Krake said what's normally a 10-minute grocery run can easily turn into 45 minutes because she has to take a circuitous route through the aisles to avoid other dogs. One bit Brody and drew blood, Krake said.
Service dogs take about two years to train, and are expected not to react if confronted by other animals.
The increasing popularity of online shopping has made it easy to buy service animal identification vests online, Peters said, and instances are growing of people putting them on untrained animals.
Alan Peters, the executive director and founder of the New Hope-based nonprofit Can Do Canines, said untrained dogs have become a growing problem for people with legitimate service animals.
"To have dogs that are not trained well out there representing assistance dogs hurts everybody that's attached to assistance dogs," Peters said. "It hurts every person with a disability who needs that assistance on a daily basis. And it reflects on our people and our dogs."
A growing number of states are cracking down on passing off pets as trained service animals. And high-profile incidents have brought public attention to the issue.
Last month in Phoenix, a dog that a passenger reportedly carried aboard a Southwest Airlines flight as an emotional support animal bit a child. And Delta Airlines recently tightened its animal policy after a passenger's dog attacked a man during the boarding of a flight at Hartsfield-Jackson International Airport in Atlanta.
Part of the confusion about service animals, Peters said, stems from different federal laws governing them. And owners of restaurants and other businesses who want to prohibit illegitimate assistance animals may not fully understand their rights.
The Americans with Disabilities Act says service animals must be accomodated in public establishments. But under the law, the animals must be trained to do work or perform tasks for a person with a disability, and the training must be directly related to the handler's disability. The ADA does not consider emotional support dogs to be service animals because they haven't been trained on a specific task.
Regulations the U.S. Justice Department published in 2010 limit workers or staff in public facilities from inquiring about service animals. They may only ask an animal's handler if the dog is required because of a disability, and what work the dog has been trained to perform.

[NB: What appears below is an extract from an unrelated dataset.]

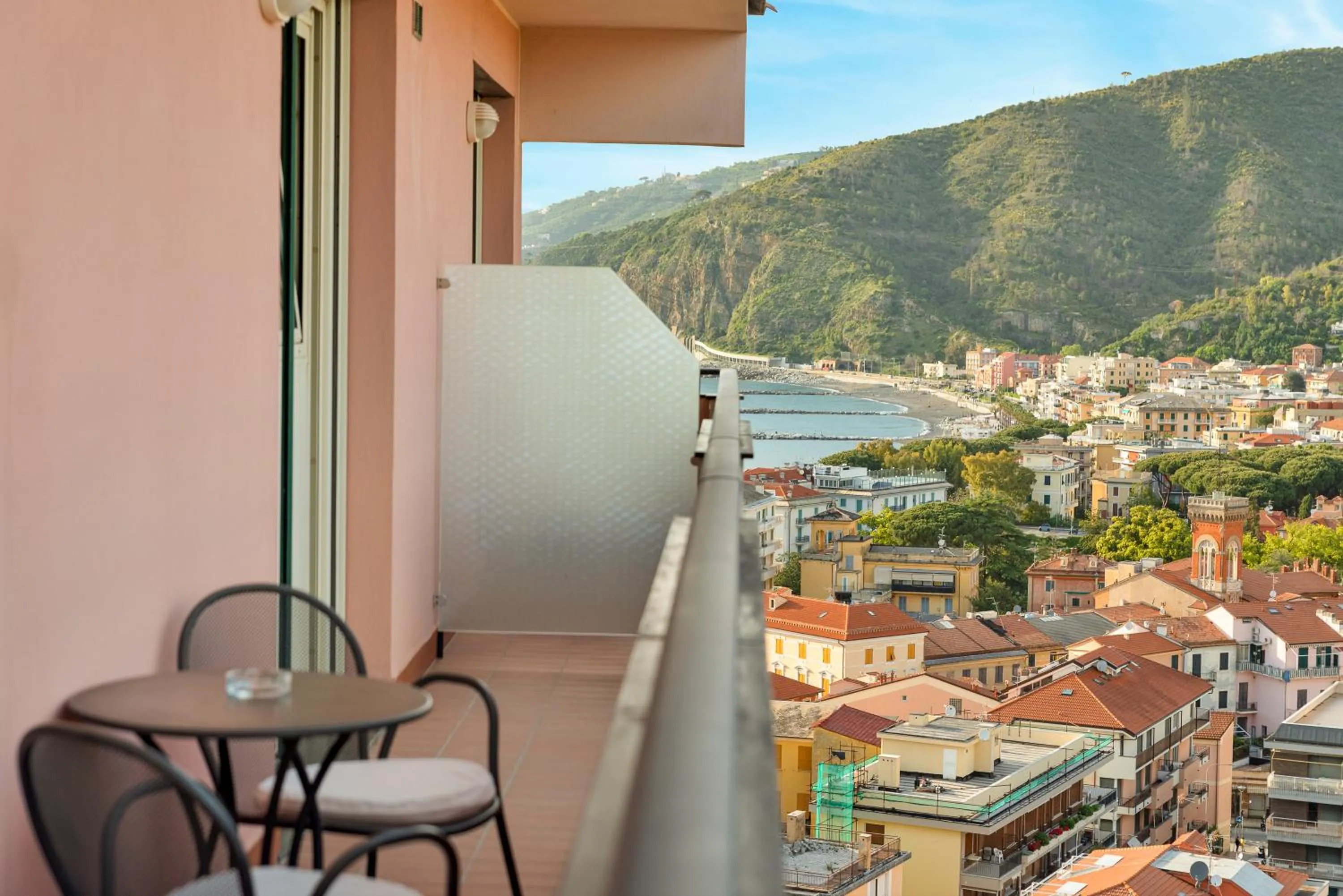 Balcony/Terrace in Hotel Vis à Vis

However airlines follow different rules. The Air Carrier Access Act defines a service animal not only as one trained in a task, but any animal that assists persons with disabilities by providing emotional support.
Ron Elwood with Mid-Minnesota Legal Aid supports the overall goal of the bill in the state Legislature, but as written, it could harm people who rely on trained dogs.
"We have clients who require service animals to alert them when they're going into insulin shock, or having seizures. You would never know that person has a disability. And we've had instances where legitimate service animals have been excluded from places of public accommodation."
Alan Peters at Can Do Canines admits it may be difficult to enforce any new state law, in part because there's no government licensing of service animals. But Peters said the measures may at least spark a public conversation about the difference between dogs with bona fides and those without.
A House version of the bill faces more committee action. A Senate version cleared a committee Wednesday after more than an hour of debate.